Moscow Repeatedly Ignored Pleas to Repatriate Indian Citizens from Ukraine War


India is intensifying efforts to retrieve the bodies of two Punjabi men killed in the ongoing Russia-Ukraine conflict after being recruited as "security helpers" by the Russian military.

Government sources reveal that Russia has not responded favorably to India's repeated requests since the beginning of the year to urgently repatriate these recruits, despite the escalating risks they face. This lack of cooperation has raised serious concerns in New Delhi, prompting a firm response from the Indian Ministry of External Affairs (MEA).


The MEA issued a strongly worded statement demanding a "verified stop" to further recruitment of Indians by the Russian army, emphasizing that such actions are not in line with the bilateral partnership between the two nations. The statement also announced the deaths of the two Indian nationals and reaffirmed India's strong stance with Moscow, seeking the immediate release and return of all Indians serving in the Russian army.

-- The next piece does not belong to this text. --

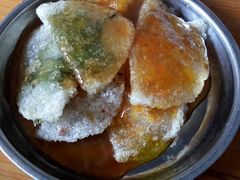 -正宗棉湖甜汤春卷店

While robust ties and continued cooperation exist between India and Russia, the presence of Indian citizens on the front lines and Moscow's alleged inaction have strained the relationship. A government source stressed, "It is our citizens who are stuck. However they may have reached Russia, it is incumbent upon the Russians to ensure they are sent back and not put at risk."

This incident follows the deaths of two other Indians who were recruited by the Russian military: Mohammed Asfan from Hyderabad in March and Hemal Ashwinbhai Mangua from Surat in February, further highlighting the urgency of the situation.


Reports indicate that approximately 30 Indian nationals have sought assistance from the Indian embassy in Moscow for repatriation after finding themselves unexpectedly on the front lines. Of these, only about 10 have returned, some having fled the conflict zone.

The exact number of Indians serving in Russia remains unclear, though some reports suggest that over 100 individuals have joined the Russian military as helpers, often lured by dubious recruitment agencies with false promises.

The Russian embassy denies recruiting any Indians for military service. While both countries' foreign offices are engaged in discussions over this issue, the exact circumstances surrounding the Indians' presence in conflict areas and Moscow's alleged inaction remain points of contention.

India's focus now lies on retrieving the bodies of the fallen soldiers and ensuring the safe return of all its citizens from the conflict zone, while also demanding accountability from Russia for their recruitment and the subsequent disregard for their safety.